— Entries provided —
"""

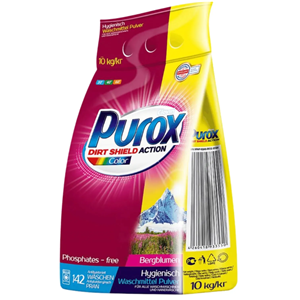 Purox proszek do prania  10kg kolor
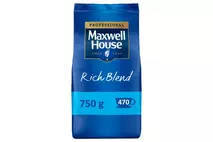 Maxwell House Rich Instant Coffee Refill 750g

"""
"""

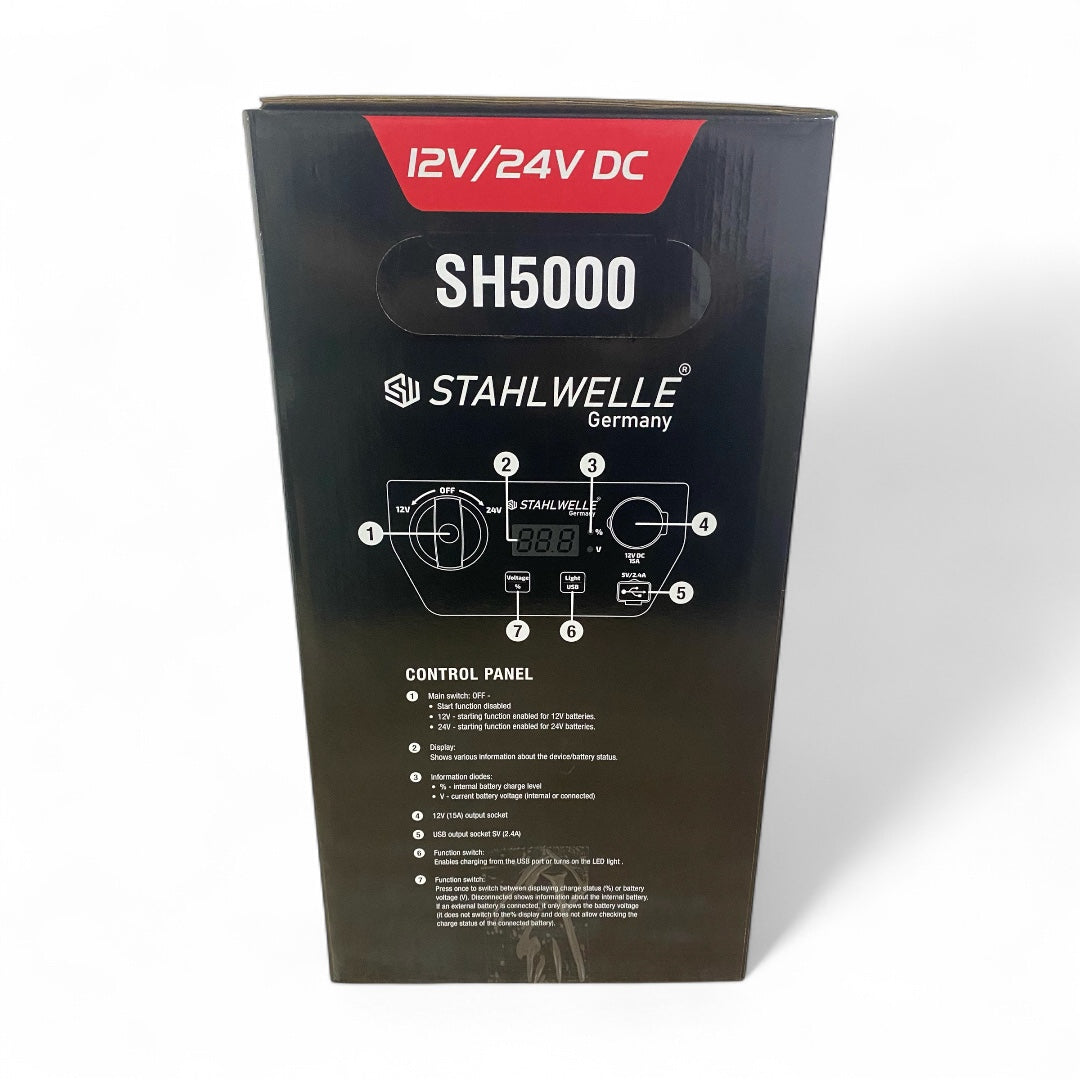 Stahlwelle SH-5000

"""

— Required action —
Using the entries above, repeat exactly the lines from the one with "Purox proszek do" to the one with "Maxwell House Rich", both included, and leave the pictures behind.

— Result —
 Purox proszek do prania  10kg kolor
 Maxwell House Rich Instant Coffee Refill 750g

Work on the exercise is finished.